BOABC chief administrative officer Manjit Sohi said the organization recognized that Cloudpermit’s products and services would save valuable building community resources by enabling an efficient virtual workspace for building permits, thereby speeding up permit submissions and the flow of information.
This in turn would “establish more business opportunities,” he said. “The building officials’ work impacts consumers and citizens.”
Cloudpermit’s software replaces paper-based processes throughout the entire permitting and inspection process, and includes the possibility to manage, request and document inspections. This information can be centralized and made available to all, 24/7 from any location.
Small and medium sized municipalities are likely to be the first to recognize the benefits of using the Cloudpermit system, North American VP Jarkko Turtiainen said in an interview. “They can get on board and change their processes quickly.”
That’s something the BOABC sees as an opportunity — reorganizing how officials work, particularly in municipalities where work is still done manually.
The OBOA agrees.
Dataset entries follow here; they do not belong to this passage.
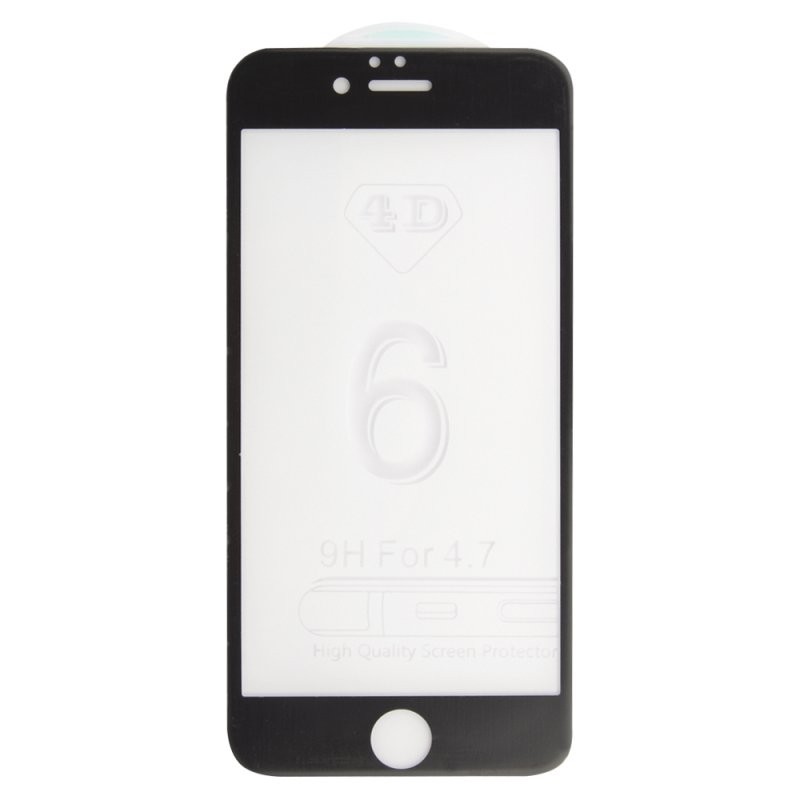 

Защитное стекло «LP» для iPhone 6/6s 4D, гибридное стекло, акриловая рамка(черное)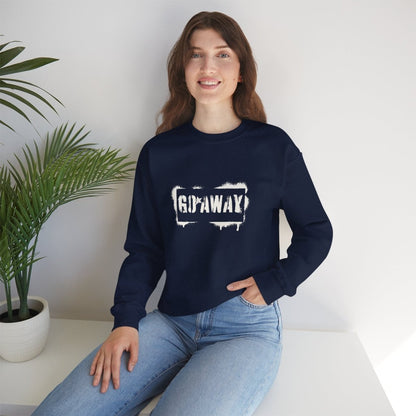 Crewneck Sweatshirt - 'Go Away' Stencil Graphic Cozy Pullover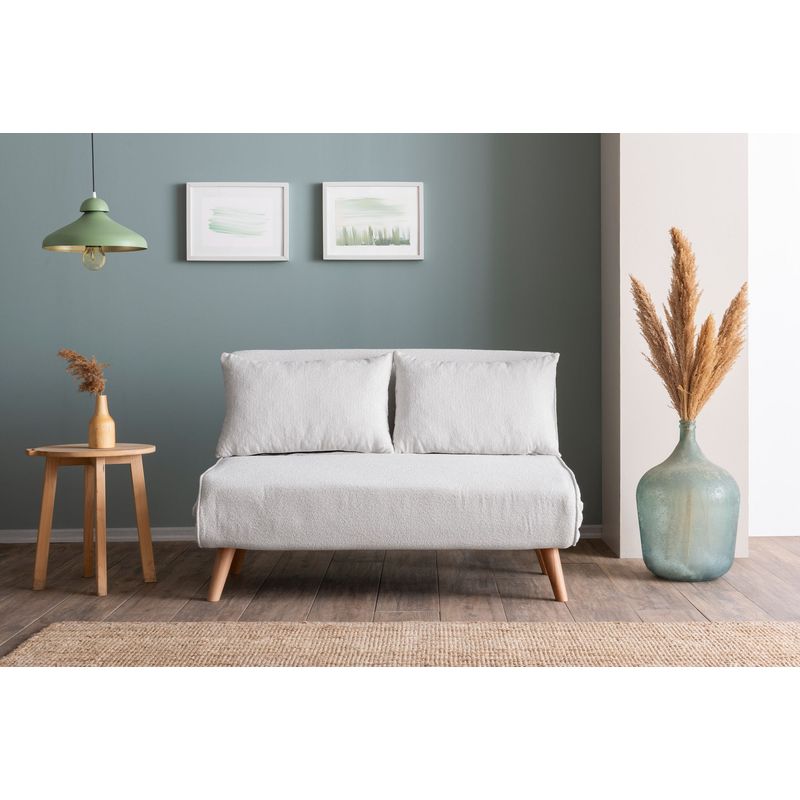 Casa si Gradina - Mobilier - Canapele si coltare - Canapele - Canapea extensibila, Atelier Del Sofa, stofa teddy, alb, 120x180 cm - Infinity.ro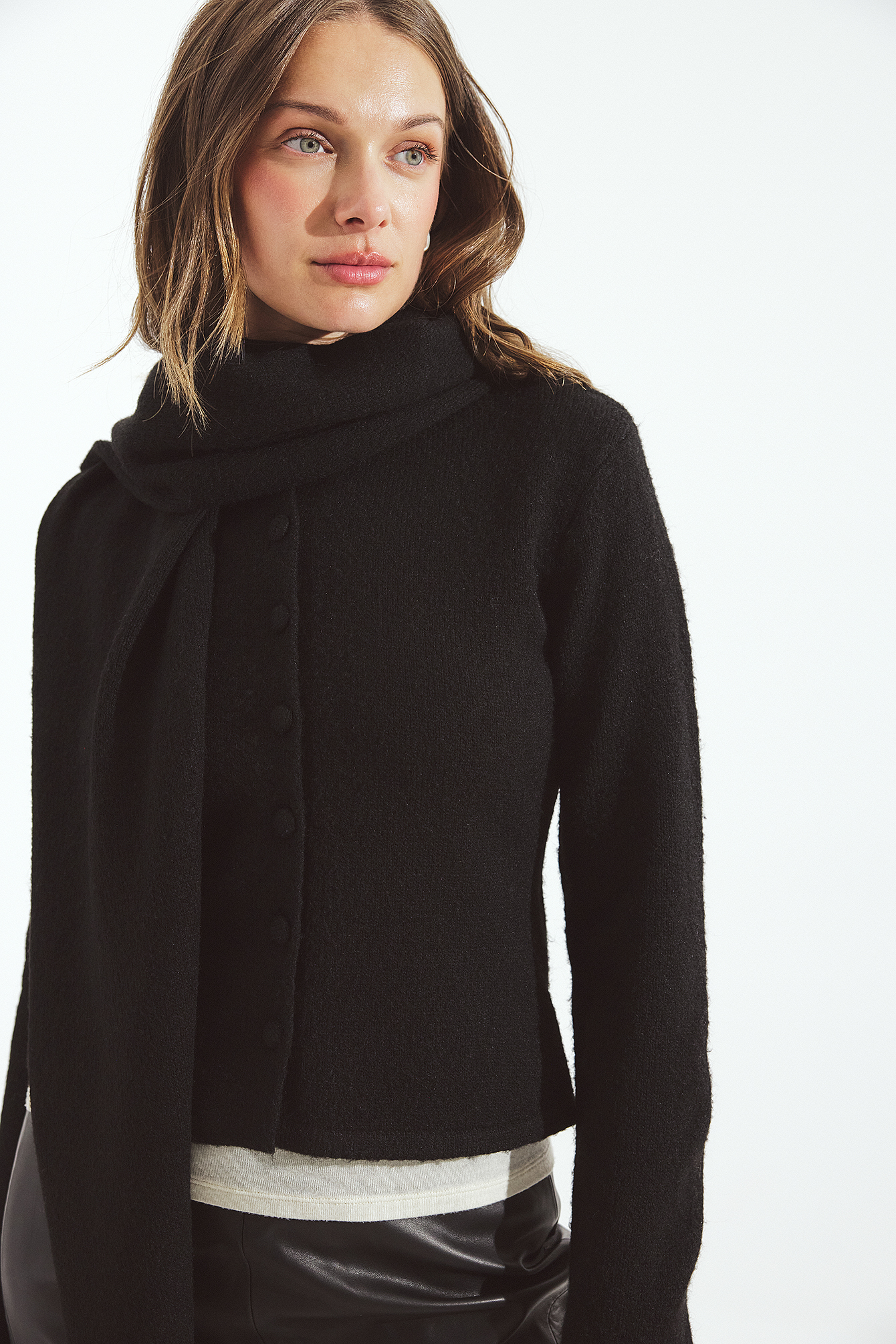 NA-KD Gebreid vest met sjaaldetail - Vesten - Zwart - XS - NA-KD / NAKD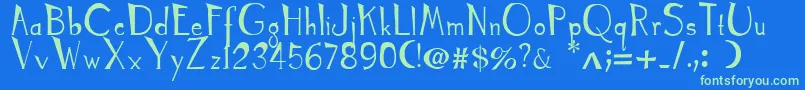 TyrantKings Font – Green Fonts on Blue Background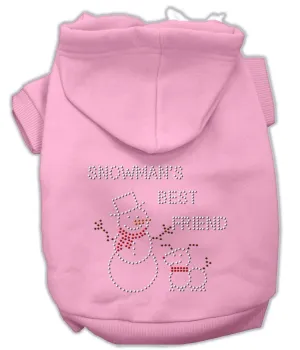 Snowman's Best Friend Rhinestone Hoodie Pink L (14)
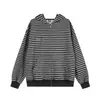 Moletom com zíper e capuz listrado estilo retrô americano, estilo primavera e outono, jaqueta esportiva de marca moderna com vibe masculina, corte solto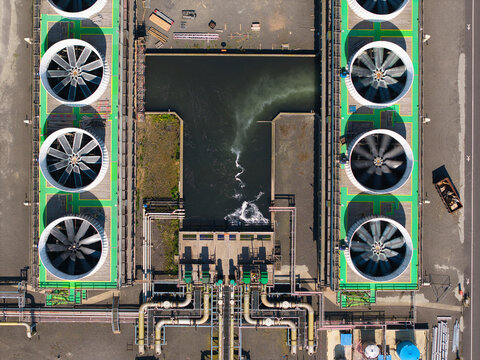 Top-Down Aerial View of Power Station Cooling Water Intake and Turbines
The 400 small-to-medium sized municipalities represented by the OBOA need e-permitting the most.
“They are a bit up against the wall because they are either smaller or unable to pull off some of these innovations on their own,” Leblanc explained.
Providing end-to-end data sharing among various authorities including conservation and transportation, and across different municipalities is important, he said, and will result in more bilateral collaboration between all parties.
“It’s a main driver for the e-permitting initiative. Every municipality has its own accountability, but we all have to meet provincial guidelines under the building code regarding how quickly we issue building permits. At a collective level, a number of enterprises and entities care about the big picture too. For example, MPAC, Terranet and CMHC care a lot about the consistency of data.”
Shared data also helps builders.
“Builders care about the portability of their information,” continued Leblanc. “If they are filing an application with Municipality A and they are building to the same design next door in Municipality B, the ability to have the information bounced over from one to the other has a lot of appeal.”
E-permitting is a key part of One Ontario, a new, collaborative research and development initiative, engaging all levels of government, architecture, engineering and construction companies, software providers and academics. It is hoped that creating innovative data exchange guidelines will harmonize the municipal development approval process, decrease permit application times, improve enforcement and reduce burden costs to every municipality.